千年後の命を守るために=女川町立女川中学校
「女川いのちの石碑」全文
東日本大震災で、多くの人々の尊い命が失われました。地震後に起きた大津波によって、ふるさとは飲み込まれ、かけがえのないたくさんの宝物が奪われました。
「これから生まれてくる人たちに、あの悲しみ、あの苦しみを、再びあわせたくない!!」その願いで、「千年後の命を守る」ための対策案として、①非常時に助け合うため普段からの絆を強くする。②高台にまちを作り、避難路を整備する。③震災の記録を後世に残す。を合言葉に、私たちはこの石碑を建てました。
ここは津波が到達した地点なので、絶対に移動させないでください。
もし、大きな地震が来たら。

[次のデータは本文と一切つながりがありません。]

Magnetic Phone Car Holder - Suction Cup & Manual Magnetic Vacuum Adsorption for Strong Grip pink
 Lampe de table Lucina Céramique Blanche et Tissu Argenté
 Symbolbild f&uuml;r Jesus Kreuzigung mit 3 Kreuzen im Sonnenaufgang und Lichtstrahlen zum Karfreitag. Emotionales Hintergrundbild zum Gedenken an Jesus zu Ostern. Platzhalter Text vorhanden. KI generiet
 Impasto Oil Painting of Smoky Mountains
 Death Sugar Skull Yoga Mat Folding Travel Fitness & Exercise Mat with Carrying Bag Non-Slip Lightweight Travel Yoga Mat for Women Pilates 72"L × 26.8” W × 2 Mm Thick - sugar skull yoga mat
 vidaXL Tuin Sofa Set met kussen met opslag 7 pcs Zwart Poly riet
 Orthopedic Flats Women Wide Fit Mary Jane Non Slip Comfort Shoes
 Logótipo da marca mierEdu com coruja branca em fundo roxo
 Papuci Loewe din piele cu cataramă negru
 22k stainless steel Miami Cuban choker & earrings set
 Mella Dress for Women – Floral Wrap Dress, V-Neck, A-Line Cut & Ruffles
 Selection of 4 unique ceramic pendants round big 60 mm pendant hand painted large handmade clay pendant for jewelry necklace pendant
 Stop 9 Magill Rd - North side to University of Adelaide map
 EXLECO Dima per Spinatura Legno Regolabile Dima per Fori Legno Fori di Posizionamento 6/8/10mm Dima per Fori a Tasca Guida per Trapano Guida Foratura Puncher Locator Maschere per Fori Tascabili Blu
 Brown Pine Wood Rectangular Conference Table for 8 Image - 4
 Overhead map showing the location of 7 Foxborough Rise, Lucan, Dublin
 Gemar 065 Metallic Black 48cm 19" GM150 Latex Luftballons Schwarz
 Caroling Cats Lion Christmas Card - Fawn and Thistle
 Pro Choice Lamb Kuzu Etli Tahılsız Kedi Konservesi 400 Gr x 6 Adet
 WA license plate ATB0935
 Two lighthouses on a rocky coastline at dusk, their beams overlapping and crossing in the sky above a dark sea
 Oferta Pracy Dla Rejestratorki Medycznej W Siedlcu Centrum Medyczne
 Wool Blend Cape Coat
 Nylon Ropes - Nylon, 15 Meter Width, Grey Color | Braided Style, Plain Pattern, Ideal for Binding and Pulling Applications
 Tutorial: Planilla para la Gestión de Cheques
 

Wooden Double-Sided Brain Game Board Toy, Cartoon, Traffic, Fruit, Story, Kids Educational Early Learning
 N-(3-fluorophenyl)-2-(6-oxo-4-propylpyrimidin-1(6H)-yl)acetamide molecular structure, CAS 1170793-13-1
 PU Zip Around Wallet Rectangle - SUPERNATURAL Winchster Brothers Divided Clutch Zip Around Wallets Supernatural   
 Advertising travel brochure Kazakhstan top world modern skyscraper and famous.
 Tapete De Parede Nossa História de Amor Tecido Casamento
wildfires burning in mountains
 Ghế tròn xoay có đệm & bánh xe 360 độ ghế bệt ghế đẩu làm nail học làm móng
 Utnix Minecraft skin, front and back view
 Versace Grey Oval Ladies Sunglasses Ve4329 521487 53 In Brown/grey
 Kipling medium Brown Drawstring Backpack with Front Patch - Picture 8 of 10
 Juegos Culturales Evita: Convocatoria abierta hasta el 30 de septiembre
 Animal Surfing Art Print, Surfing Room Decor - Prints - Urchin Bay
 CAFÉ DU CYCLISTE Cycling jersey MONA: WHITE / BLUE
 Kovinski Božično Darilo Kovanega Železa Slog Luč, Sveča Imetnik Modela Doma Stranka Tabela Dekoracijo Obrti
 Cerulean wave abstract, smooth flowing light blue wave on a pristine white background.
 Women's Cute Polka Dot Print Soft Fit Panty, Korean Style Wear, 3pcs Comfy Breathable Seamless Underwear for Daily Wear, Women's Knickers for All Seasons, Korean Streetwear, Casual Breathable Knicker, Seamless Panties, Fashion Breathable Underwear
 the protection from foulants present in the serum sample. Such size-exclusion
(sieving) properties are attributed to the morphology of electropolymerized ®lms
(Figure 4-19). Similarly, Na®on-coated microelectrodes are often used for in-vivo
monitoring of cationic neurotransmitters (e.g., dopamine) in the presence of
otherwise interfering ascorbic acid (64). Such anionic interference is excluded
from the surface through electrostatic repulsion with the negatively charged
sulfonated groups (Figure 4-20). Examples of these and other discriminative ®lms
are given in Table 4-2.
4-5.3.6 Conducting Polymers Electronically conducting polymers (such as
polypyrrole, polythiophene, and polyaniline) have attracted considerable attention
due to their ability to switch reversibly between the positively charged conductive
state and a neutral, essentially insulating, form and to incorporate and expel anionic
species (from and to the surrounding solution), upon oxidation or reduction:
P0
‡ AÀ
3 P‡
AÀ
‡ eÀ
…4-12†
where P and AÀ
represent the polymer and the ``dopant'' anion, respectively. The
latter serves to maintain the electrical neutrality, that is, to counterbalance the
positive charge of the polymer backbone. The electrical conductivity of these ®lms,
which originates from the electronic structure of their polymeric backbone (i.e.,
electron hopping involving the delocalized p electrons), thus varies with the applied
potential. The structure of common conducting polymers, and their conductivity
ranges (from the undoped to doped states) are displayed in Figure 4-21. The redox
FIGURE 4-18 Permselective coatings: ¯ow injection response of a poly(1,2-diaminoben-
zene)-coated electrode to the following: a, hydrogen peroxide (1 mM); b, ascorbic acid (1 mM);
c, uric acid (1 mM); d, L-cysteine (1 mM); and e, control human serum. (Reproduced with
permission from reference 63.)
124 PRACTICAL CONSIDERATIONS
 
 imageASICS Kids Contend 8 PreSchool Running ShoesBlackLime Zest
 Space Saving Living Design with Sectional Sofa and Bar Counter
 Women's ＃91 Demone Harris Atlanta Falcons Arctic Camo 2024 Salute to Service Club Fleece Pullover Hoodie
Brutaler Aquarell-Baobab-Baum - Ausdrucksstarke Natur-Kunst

この石碑よりも上へ逃げてください。
逃げない人がいても、無理やりにでも連れ出してください。
家に戻ろうとしている人がいれば、絶対に引き止めてください。
今、女川町はどうなっていますか?
悲しみで涙を流す人が少しでも減り、笑顔あふれる町になっていることを祈り、そして信じています。
2014年3月 女川中卒業生一同
【取材協力】
女川町復興推進課・柳沼利明さん
ママサポーターズ(代表・八木純子さん)https://ja-jp.facebook.com/mamasupporters
女川町立女川中学校(3学年主任・鈴木実先生、津波対策実委員会の皆さん)
●震災から11年、取材当時を振り返って
何度か足を運ばせてもらった女川町の取材の中で特に印象に残っているのは、女川中学校の生徒たち。
「写真を撮るよー!」と声をかけても笑うのを躊躇してしまうような、思慮深くて、大人びた子供たちでした。彼らは震災の年に中学に入学した「震災1期生」として、大きな傷を抱えながらも支え合い、自分たちにできることを考え、災害から未来の命を守ることを考え続けていました。それが、「女川いのちの石碑」です。今だから言えることですが、「大人になるまでの間に、町内21か所の津波到達地点すべてに設置する」という計画を聞いたとき、これから高校、大学、就職と、別々の道を歩んでいくであろう彼らにそんなことができるのだろうか……と半ば半信半疑の思いがありました。
どんなに辛く、悲しいことがあっても、時は休むことなく流れていきます。
震災を知らない子供たちも増え、「いかに風化させずに震災の記憶を後世に伝えていくか」という論議も飛び交うようになりました。それほどまでにあの震災が、少しずつ遠くになってきてしまったのです。
震災から10年目となった昨年、嬉しいニュースを目にしました。
女川中学校の生徒たちが企画し、寄付を募り、卒業後も地道に活動を続けてきた「女川いのちの石碑」が、ついに最後の1基の設置を終えたのです。8年に渡って活動を続けてきた彼らも今は23歳。すっかり大人になった彼らは、久しぶりに仲間と顔を合わせ、照れ臭そうに記念撮影に応じていました。その笑顔は、あの頃は見ることができなかった迷いのない笑顔ーー無邪気な15歳の少年少女を彷彿させるものでした。
「夢だけは 壊せなかった 大震災」
最後の1基の石碑には、最初の1基に刻まれた文字と同じ言葉が刻まれました。
どうか彼らの想いが詰まったこの石碑が、未来の命を守りますように。
どうか彼らの「夢」が、この街から大きく羽ばたいていきますように。
そんなことを願わずにはいられません。